### EXERCISE BRIEF
Copy exactly the lines of the data below, beginning with the line with "BOBINA DE CABLE" and ending with the line with "simple concept character". Pictures are to be omitted.

### SUPPLIED INFORMATION
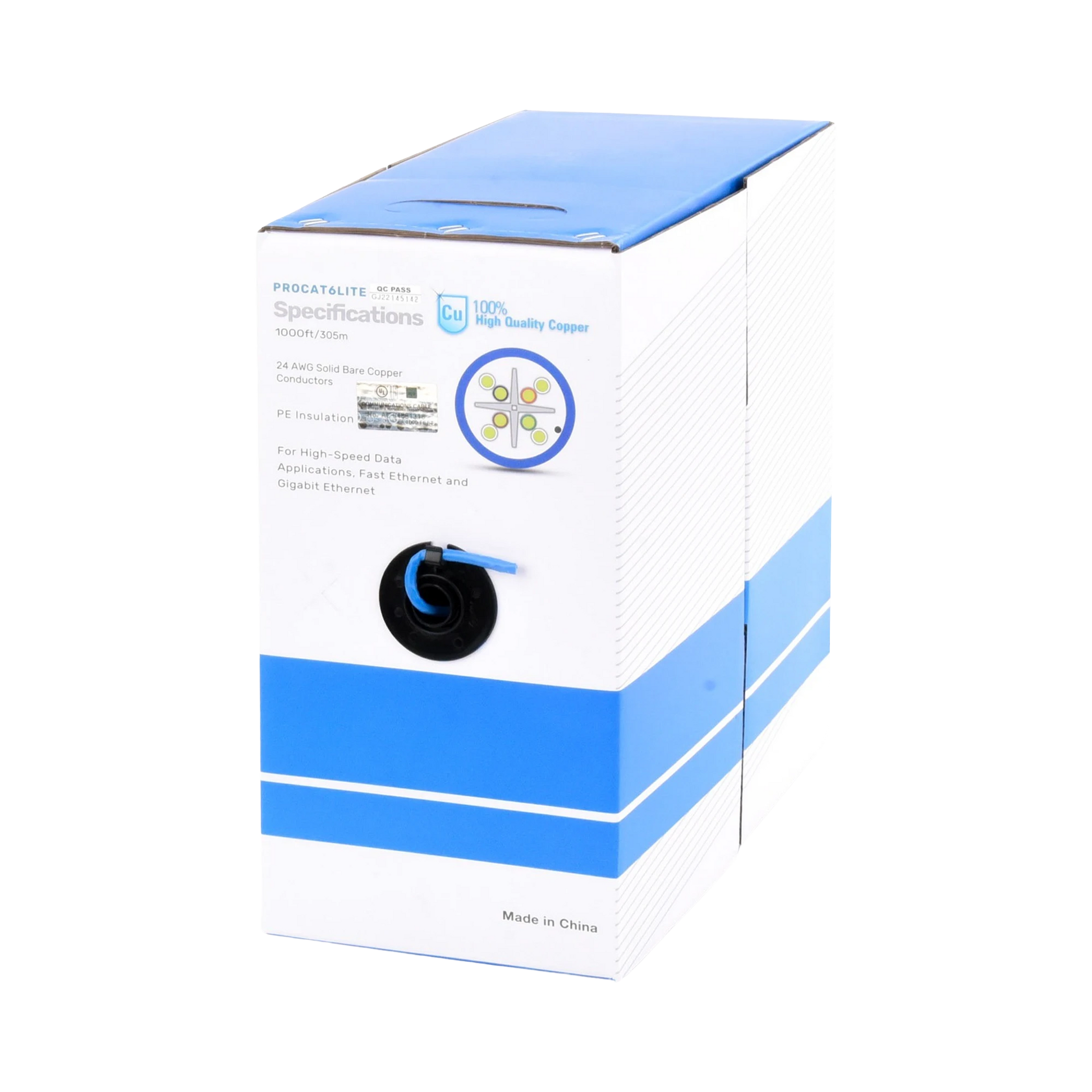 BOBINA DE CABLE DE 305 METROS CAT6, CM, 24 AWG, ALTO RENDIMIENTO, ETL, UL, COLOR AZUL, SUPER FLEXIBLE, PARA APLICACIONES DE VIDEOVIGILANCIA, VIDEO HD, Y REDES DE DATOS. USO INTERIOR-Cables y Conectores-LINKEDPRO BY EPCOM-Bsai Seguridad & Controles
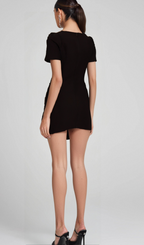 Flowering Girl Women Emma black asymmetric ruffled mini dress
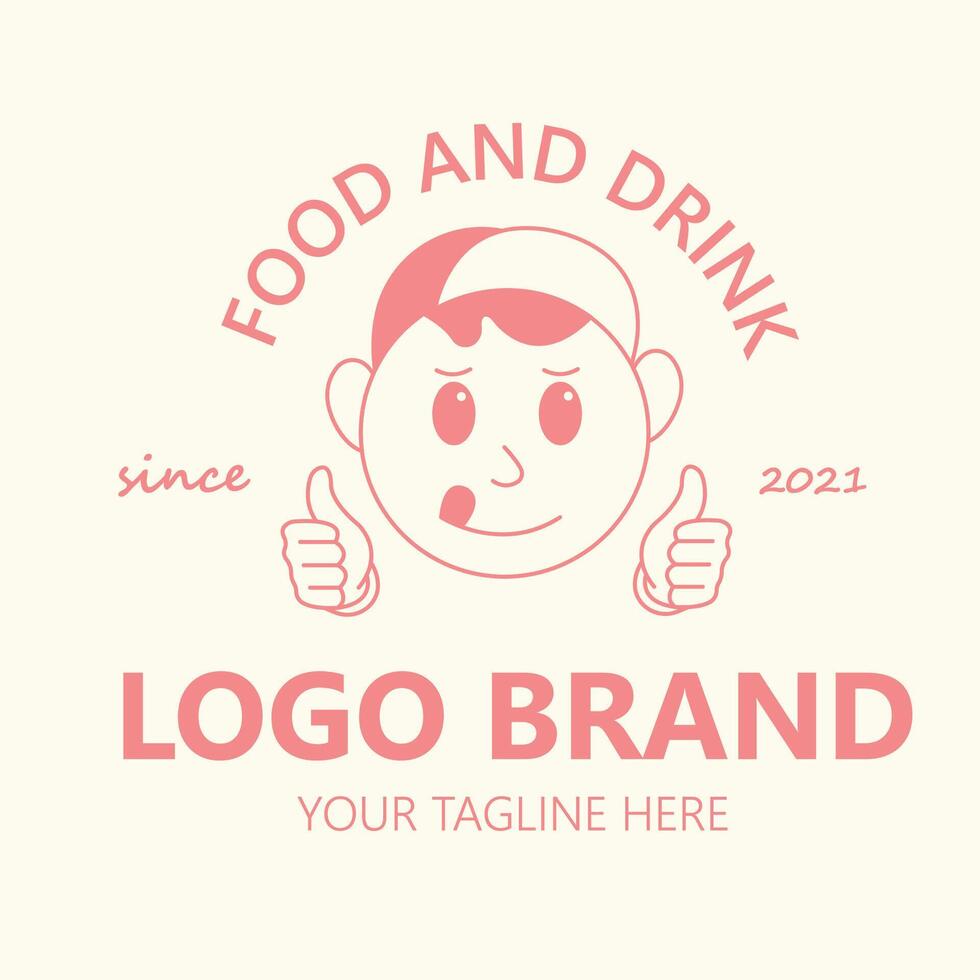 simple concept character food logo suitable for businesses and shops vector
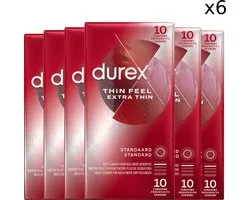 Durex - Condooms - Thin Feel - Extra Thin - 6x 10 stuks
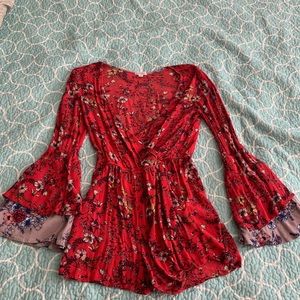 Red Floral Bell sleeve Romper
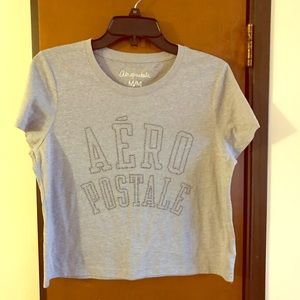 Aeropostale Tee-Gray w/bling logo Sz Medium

--

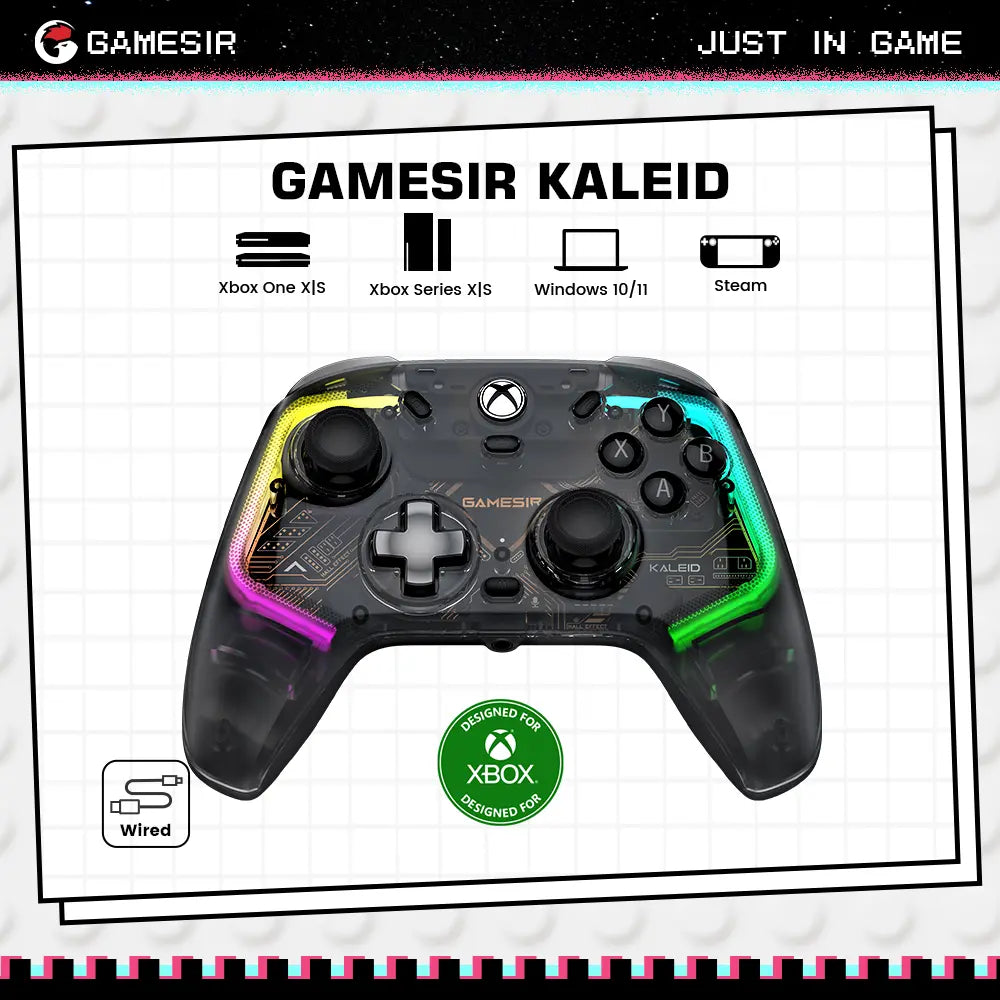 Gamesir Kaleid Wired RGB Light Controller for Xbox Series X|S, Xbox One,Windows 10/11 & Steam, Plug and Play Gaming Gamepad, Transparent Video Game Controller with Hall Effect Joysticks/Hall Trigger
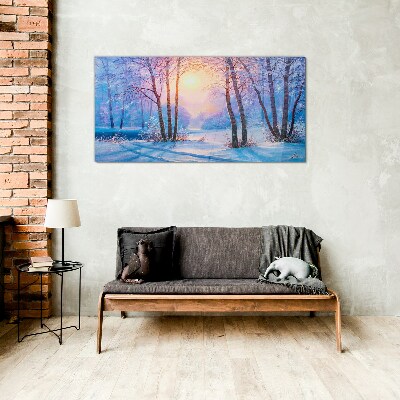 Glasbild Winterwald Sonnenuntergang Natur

* * *

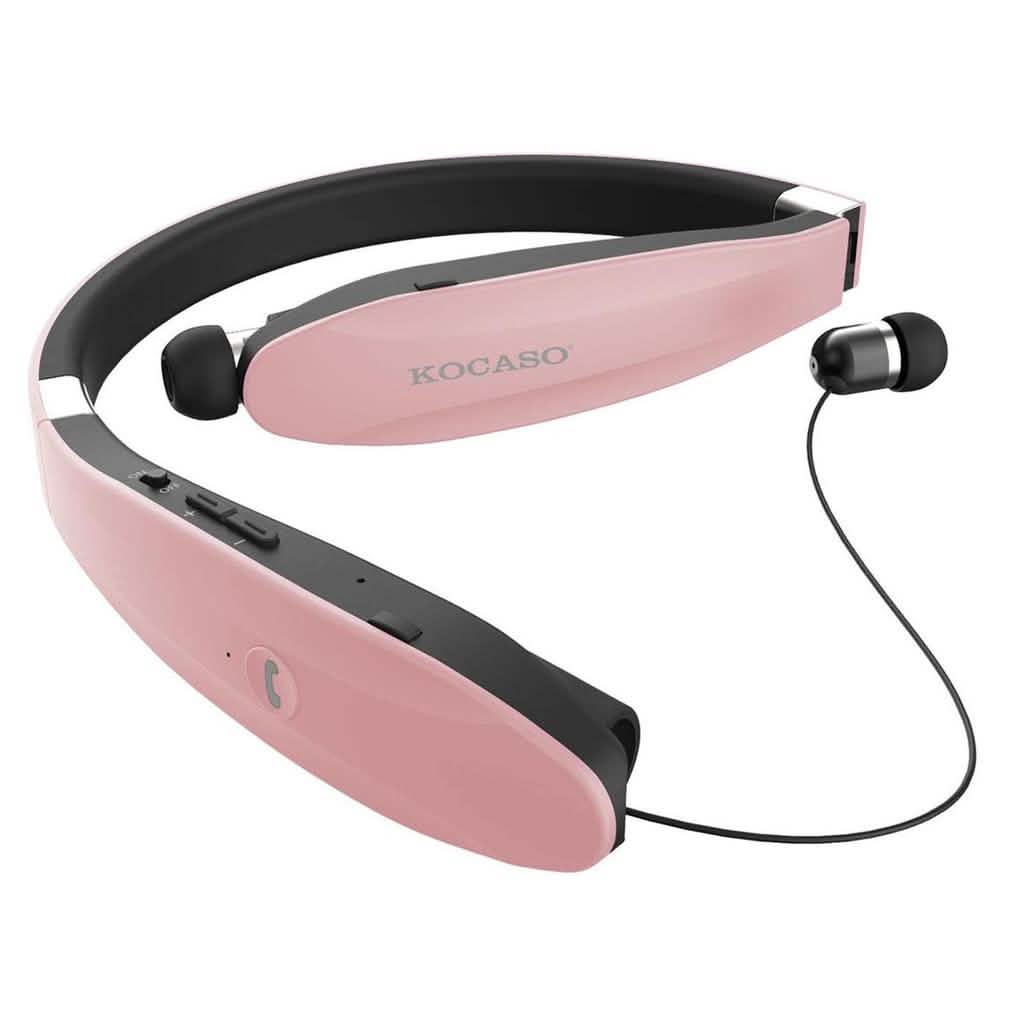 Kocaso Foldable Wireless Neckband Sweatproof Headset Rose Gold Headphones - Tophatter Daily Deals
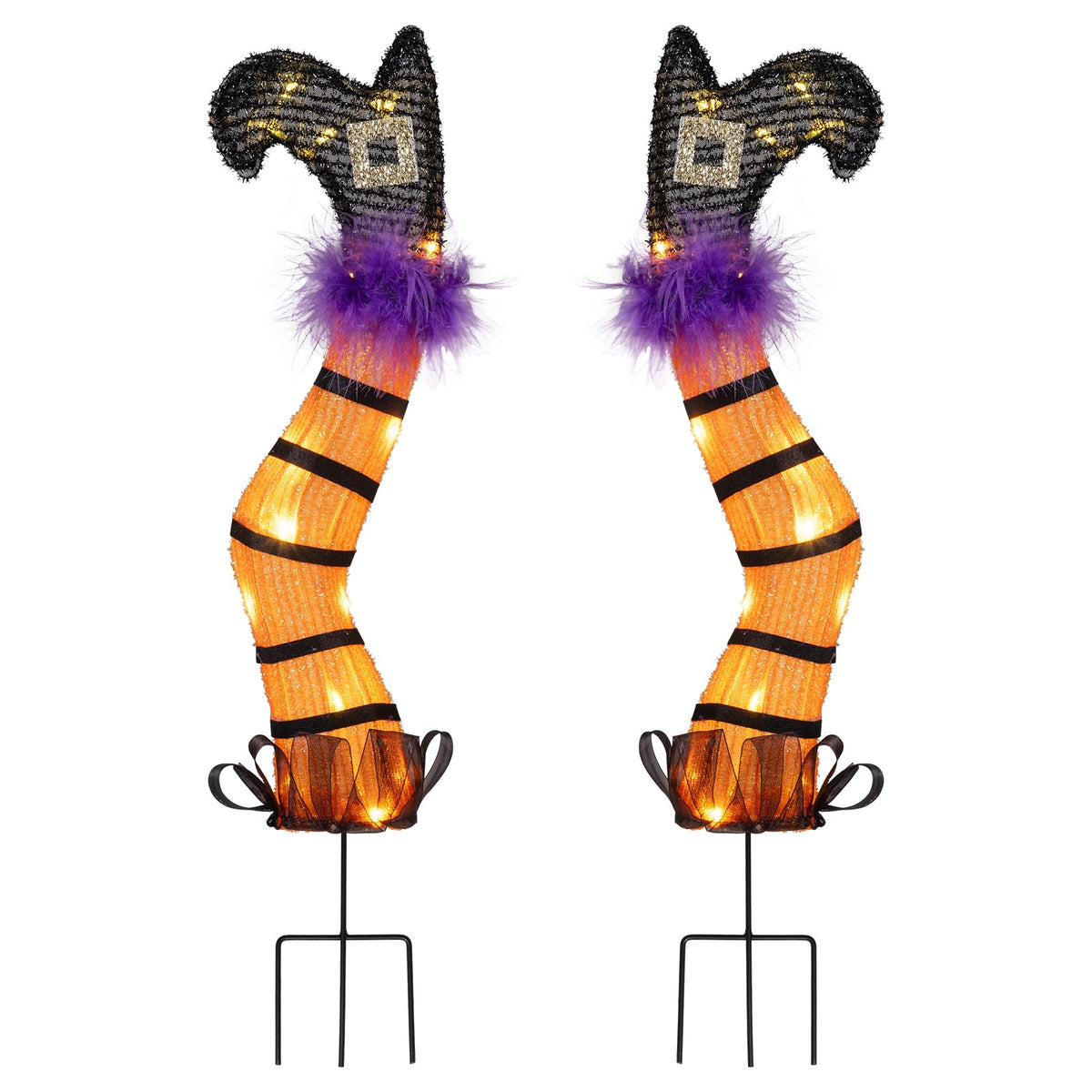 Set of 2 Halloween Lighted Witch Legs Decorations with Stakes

### WRITTEN SOLUTION
 BOBINA DE CABLE DE 305 METROS CAT6, CM, 24 AWG, ALTO RENDIMIENTO, ETL, UL, COLOR AZUL, SUPER FLEXIBLE, PARA APLICACIONES DE VIDEOVIGILANCIA, VIDEO HD, Y REDES DE DATOS. USO INTERIOR-Cables y Conectores-LINKEDPRO BY EPCOM-Bsai Seguridad & Controles
 Flowering Girl Women Emma black asymmetric ruffled mini dress
 simple concept character food logo suitable for businesses and shops vector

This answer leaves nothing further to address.